A Bíblia, no segundo relato da criação, faz menção à “árvore da vida”, como uma planta que se encontrava no paraíso. Ora, o Livro dos Provérbios, 3, 18, diz que a sabedoria “é uma árvore de vida para aqueles que lançarem mãos dela”. Ora, a sabedoria é uma realidade imaterial. Se ela é a árvore da vida, então a árvore da vida é apenas um modo de falar de uma realidade que não é corpórea, mas espiritual, assim como todas as outras realidades relativas ao paraíso. Portanto, o paraíso, como descrito na Bíblia, não é uma realidade física, mas espiritual, conclui o argumento.

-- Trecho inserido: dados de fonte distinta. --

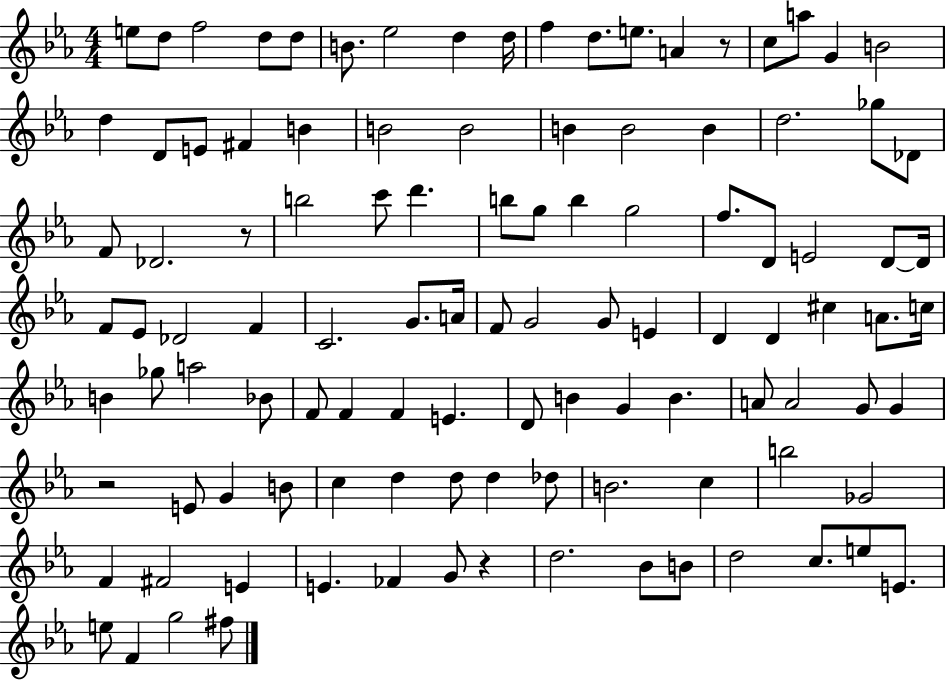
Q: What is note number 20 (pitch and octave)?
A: E4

O quinto argumento objetor.
Se compreendermos o paraíso como uma realidade literalmente material, veremos que o relato bíblico está cheio de contradições. De fato, por exemplo, o relato menciona a criação das árvores “no terceiro dia”, mas em seguida, após descrever os seis dias da criação, menciona que o paraíso não possuía vegetação, e só depois as árvores foram plantadas. Assim, fica claro que a Bíblia descreve, sob uma linguagem que apela a figuras materiais, uma realidade puramente material. Portanto, o paraíso não era um lugar corpóreo, conclui o argumento.
4. O argumento sed contra.
Segundo Santo Agostinho, há teólogos que defendem que o paraíso é estritamente espiritual e nada material. Há outros que entendem o relato de maneira estritamente literal, e acham que o paraíso foi apenas um lugar físico, um espaço geográfico e nada mais. Por fim, há quem entenda que a descrição diz respeito a aspectos corporais e espirituais da criação. E Santo Agostinho confessa que é esta última opinião que mais o agrada; dada a autoridade de Santo Agostinho, o argumento conclui que o paraíso é uma realidade com dimensões espirituais e corporais, conclui o argumento, negando a hipótese inicial.
5. Encerrando.
O artigo é longo e rico. Voltaremos a ele nos próximos textos.